Previously: Technische Universität München, Germany
Complex organic molecules, e.g. sugars and amino acids, have been identified in interstellar space and on comets and meteorites impinging on Earth, and are believed to originate from reactions taking place at nanoscale dust grain catalysts. The latter are rather complex materials consisting of e.g. Mg- or Fe-rich silicates or aromatic hydrocarbons. To guide experimental investigations of these complex materials and reaction networks, predictive-quality simulations are needed. However, the complexity and scale of the simulations renders standard quantum mechanical methods too costly. The objective of this study is to instead apply modern machine learning- and compressed sensing-based methods in order to identify some cheap descriptive features of the dust grains that allow for predicting their reactivity under the low-temperature conditions prevalent in interstellar space. In close collaboration with experimental partners, we thereby aim to obtain a detailed understanding of the catalyst materials and reaction conditions required for the formation of complex organic molecules. This is of great fundamental interest since it could give important leads to the conditions necessary for the development of life.

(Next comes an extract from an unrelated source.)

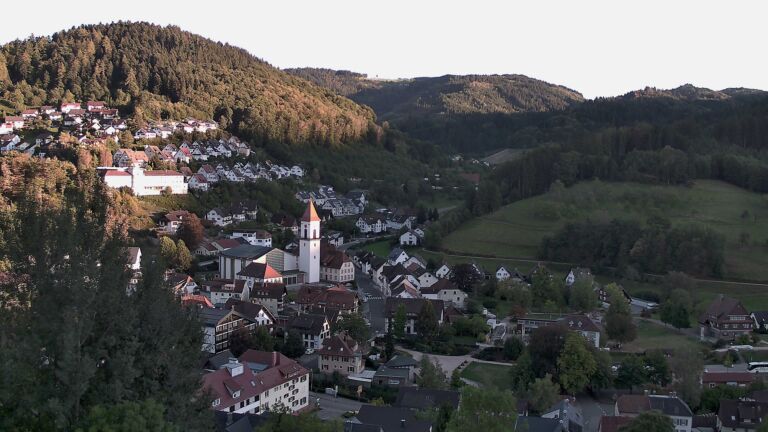 Dieses Bild zeigt eine Webcam-Aufnahme von Ottenhöfen, aufgenommen am Montag, den 14.09.2026 um 19:00 Uhr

I use various computational modelling and simulation tools to study catalytic reactions at solid or liquid surfaces. As such, I work at the interface between physics and chemistry, with recent machine learning and compressed sensing-based methods applied having their origin in computer science. With the AIAS fellowship I return to Aarhus University after six years as Alexander von Humboldt fellow and subsequently group leader at the Technical University of Munich.